Ls will be colored automatically.


----------



## oliverh (Dec 23, 2009)

Most applications are looking for TERM set to xterm-color, e.g. Vim. I don't know what CLICOLOR stands for or which variables it sets.


----------



## mickey (Dec 23, 2009)

oliverh said:
			
		

> Most applications are looking for TERM set to xterm-color



Whether an application that is capable of using colors will make use thereof is mostly determined by the corresponding terminal capabilities being present in the terminal's termcap(5) / terminfo(5) entry.

`$ tput Co`
Outputs the number of colors the terminal is capable of displaying, according to the currently selected terminal type.

The environment variable [CMD=]CLICOLOR[/CMD] is only used by `$ ls` and, if defined, is equivalent to `$ ls -G` which enables colored output. Additionally [CMD=]CLICOLOR_FORCE[/CMD] may be defined in order to force `$ ls` to use colorized output even if the output does not go to a terminal, i.e. piping output to another program. [CMD=]LSCOLORS[/CMD] may be used to override the default set of colors, used for diplaying files of various types; Refer to ls(1) for a detailed description.

The pager more(1)/less(1) has commandline options _-r_ and _-R_ for allowing color control sequences to pass through unhindered. So something like `$ ls -G | more -R` should work, provided [CMD=]CLICOLOR_FORCE[/CMD] is set (see above).


----------



## oliverh (Dec 23, 2009)

>by the corresponding terminal capabilities being present in the terminal's termcap(5) / terminfo(5) entry.

Of course but in practice you have to set it to see actually colors. There are different examples of applications, that won't show a glimpse of color without setting TERM.


----------



## crsd (Dec 23, 2009)

Which applications are you referring to? vim shows colors with TERM set to xterm.


----------



## mickey (Dec 23, 2009)

oliverh said:
			
		

> Of course but in practice you have to set it to see actually colors. There are different examples of applications, that won't show a glimpse of color without setting TERM.



What applications would that be?

In that case the application is clearly misbehaving and conceptually wrong.

Most applications will use the ncurses library and thus have not much to deal with these sort of things.


----------



## oliverh (Dec 23, 2009)

@mickey

E.g.

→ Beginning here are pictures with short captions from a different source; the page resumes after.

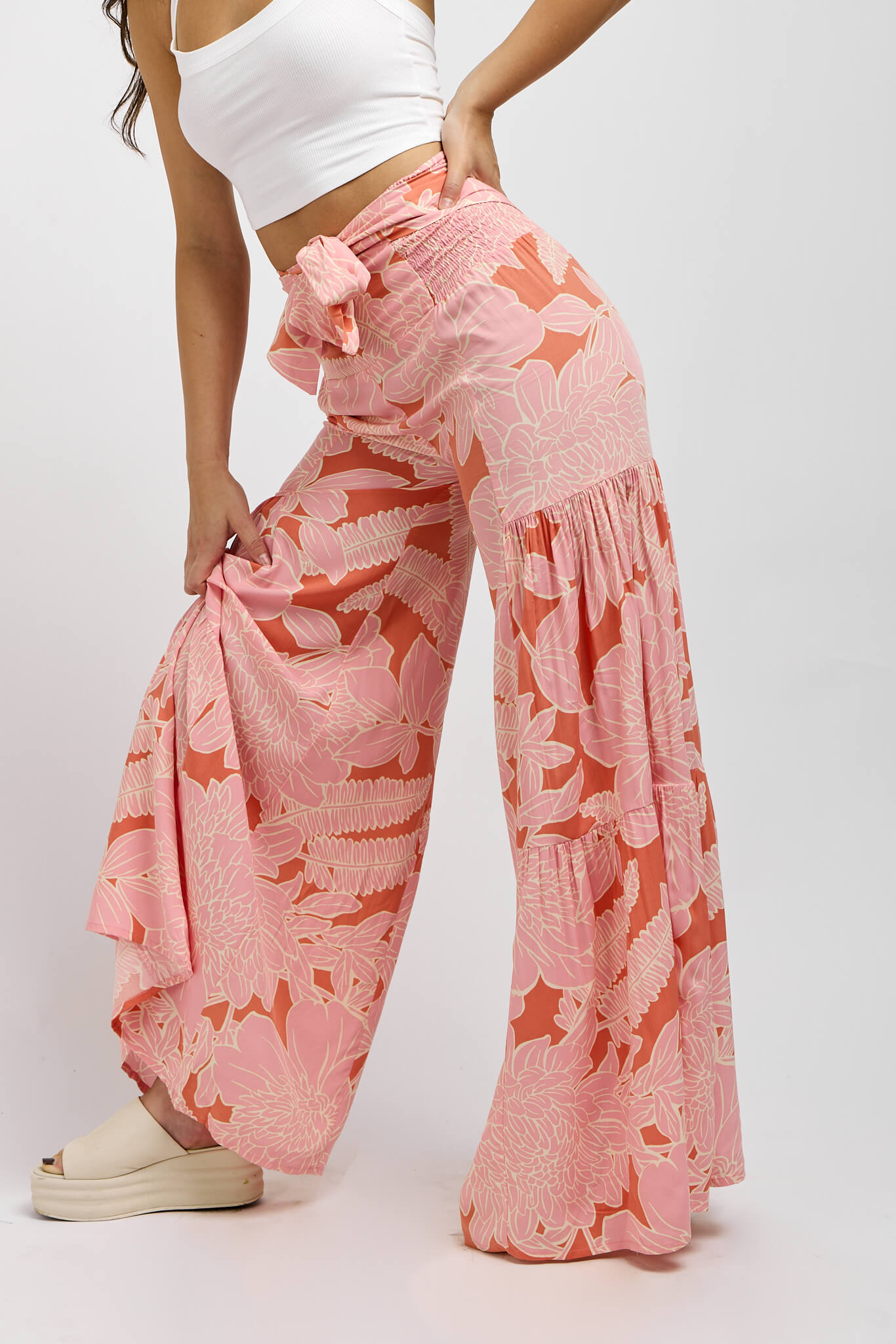 Womens high waisted wide leg pant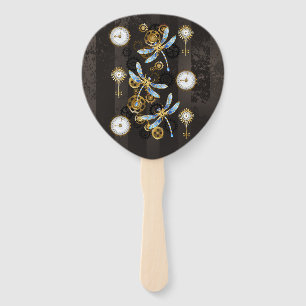 Steampunk Dragonflies on brown striped background Hand Fan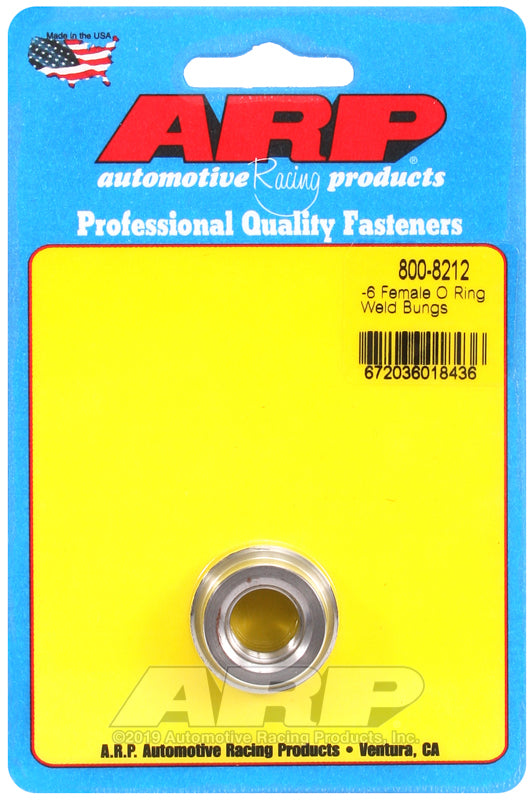 ARP -6 female O ring steel weld bung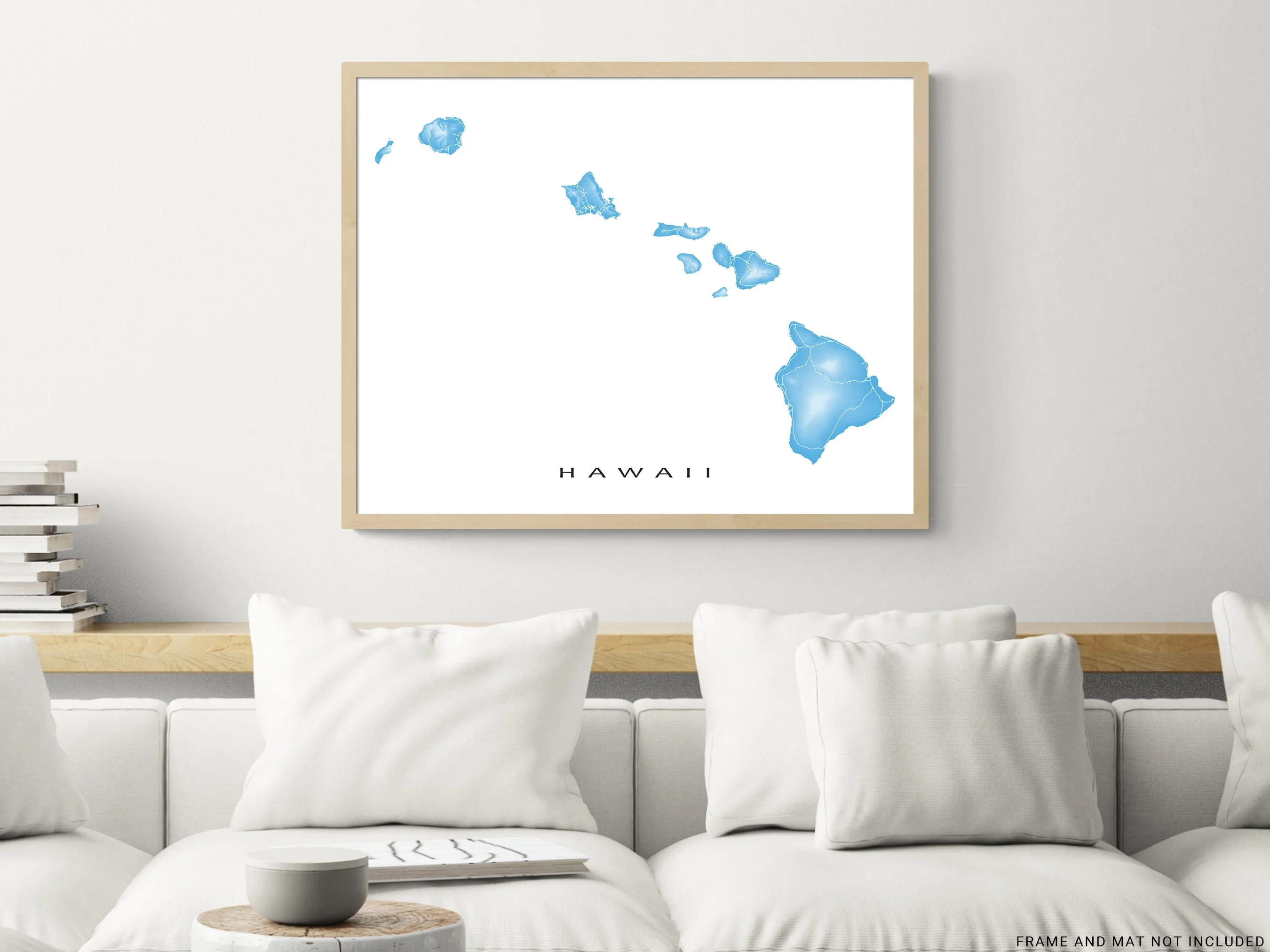 Hawaii Map Wall Art Print Poster, Topographic Hawaiian Islands Road Maps, Maui Honolulu Kauai Oahu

Mutt, but I have to confess, this problem first occured with FreeBSD 8.0 (just black and white). I have the some configuration suitable for different systems I work with. Whereas I didn't have any problems for example with mc. In OpenBSD for example this is the usual way to get color support in xterm.


----------



## mickey (Dec 23, 2009)

oliverh said:
			
		

> @mickey
> 
> E.g. Mutt, but I have to confess, this problem first occured with FreeBSD 8.0 (just black and white). I have the some configuration suitable for different systems I work with. Whereas I didn't have any problems for example with mc. In OpenBSD for example this is the usual way to get color support in xterm.



I have never used mutt, but there are two possibilities why it doesn't display correctly:

There's a problem with the termcap description for your terminal so that mutt doesn't get aware of it supporting color.
They use some custom detection mechanism for color support, which doesn't work for some reason.
Normally programs would use ncurses(3) in order to display on a terminal. As for color support, more specifically features from curs_color(3). So there isn't really much for an application to do, other than asking ncurses, whether the current terminal supports color or not.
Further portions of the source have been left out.